The End of the Future

Jeff McMahan

  • The Fate of the Earth by Jonathan Schell
    Cape/Picador, 256 pp, £7.95, June 1982, ISBN 0 224 02064 1
  • The Two-Edged Sword: Armed Force in the Modern World by Laurence Martin
    Weidenfeld, 108 pp, £5.95, March 1982, ISBN 0 297 78139 1
  • Zero Option by E.P. Thompson
    Merlin, 198 pp, £10.00, June 1982, ISBN 0 85036 288 1
  • Disarming Europe edited by Mary Kaldor and Dan Smith
    Merlin, 196 pp, £10.00, May 1982, ISBN 0 85036 277 6

The Reagan Administration’s bellicose posturing and its apparent relish for the Cold War have finally succeeded in rousing Americans to an awareness of the danger of nuclear war. But, while Reagan and his associates certainly deserve most of the credit for dispelling people’s complacency, the American campaign against the nuclear arms race has also received considerable inspiration from a series of articles by Jonathan Schell which appeared this past February in the New Yorker. These articles have now been reprinted in book form, and are continuing to have a profound impact on people’s thinking about the nuclear threat.

The book is divided into three sections. The first contains a detailed discussion of the probable consequences of a large-scale nuclear war (which in the New Yorker was juxtaposed, in the usual way, with advertisements for luxurious living), and concludes that such a war could conceivably lead to the extermination of all human life. This then leads to a series of reflections on the prospect of human extinction. The third section challenges the doctrine of nuclear deterrence, and advocates complete nuclear and conventional disarmament, and the renunciation of national sovereignty.

The power of the book lies in Schell’s passionate concern for the future of the human race. The sombre meditation on the possible death of the entire human species seeks to explain and justify this concern. Schell distinguishes between two losses which would occur if nuclear war were to result in the extinction of human life. One is the loss which existing people would suffer in dying prematurely. The other is the loss of future generations. While he believes that both losses would be incalculably tragic, he regards the latter as ‘supreme’. Indeed, it is the conviction that it is supremely important morally to ensure the existence of future generations that animates and informs the whole of the book.

Several possible justifications for this conviction come out during the course of Schell’s somewhat rambling argument, but none of them is more than partially successful. One focuses on the extent to which existing people’s lives would be impoverished by the expectation that all human life would soon come to an end. At present our lives are enriched by the assumption that they will be linked in various ways with the lives of future people. Future generations serve ‘as the audience for our works of art, as the outstretched hands to receive our benefactions ... as the minds that will provide us with immortality by remembering our words and deeds, and as the successors who will justify us by carrying on with the tasks that we have started or advanced’. Thus if their existence comes into doubt, our ‘own lives become progressively more twisted, empty and despairing’. Schell illustrates this claim by presenting a poignant vision of the blighting effect the belief that we may be the final generation can have on love, marriage and art, as well as on our social and political relations. It is obvious, however, that this explanation cannot account for the overriding importance which he attributes to ensuring the existence of future generations. The prospect of extinction can have adverse effects on our lives, but there are other things which can have equally adverse effects without being as dreadful as extinction would be. So the evil of extinction cannot be fully explained in terms of its impact on the lives of the living.
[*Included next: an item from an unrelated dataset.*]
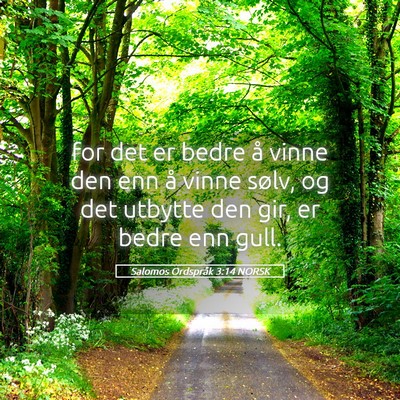 Picture 05 - Salomos Ordspråk 3:14 NORSK - for det er bedre å vinne den enn å vinne sølv, - Bible Verse Picture
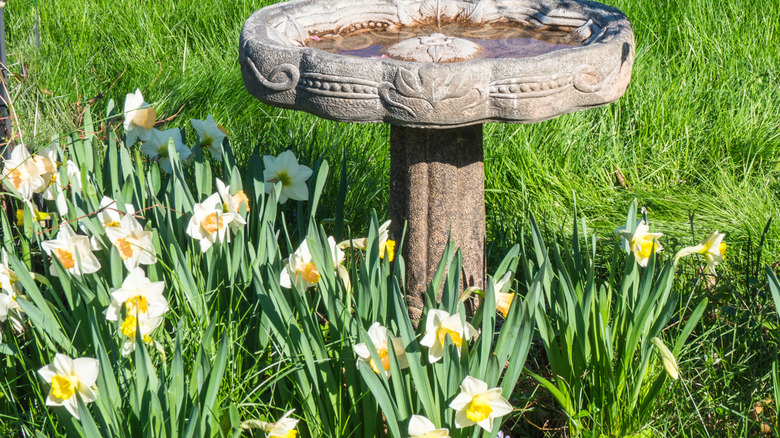 White and yellow daffodils growing in a clump under a concrete bird feeder.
Schell is aware of this. He stresses that his ‘emphasis on us ... does not mean that our only reason for restraining ourselves from elimination of the future generations is to preserve them as auxiliaries to our needs.’ Future people should not be regarded instrumentally, as agents for carrying on with ‘enterprises that are supposedly grander and more splendid than they are ... The works of man are great, but man himself is greater.’ He claims that ‘what we must desire first of all is that people be born, for their own sakes.’ For ‘if we let them into life they will have abundant opportunity to be glad that they were born.’ In these passages Schell has cited, and apparently conflated, two distinct reasons for ensuring the existence of future generations. When he speaks of ‘valuing the future human beings themselves’, he seems to have in mind the view that the existence of human life is intrinsically valuable, that it is simply a good thing that people should exist. On the other hand, when he refers to the ‘desire that the unborn exist for their own sake’, he seems to have in mind the view that people can benefit by being brought into existence, and that we have a duty, other things being equal, to benefit future people by causing (or allowing) them to exist.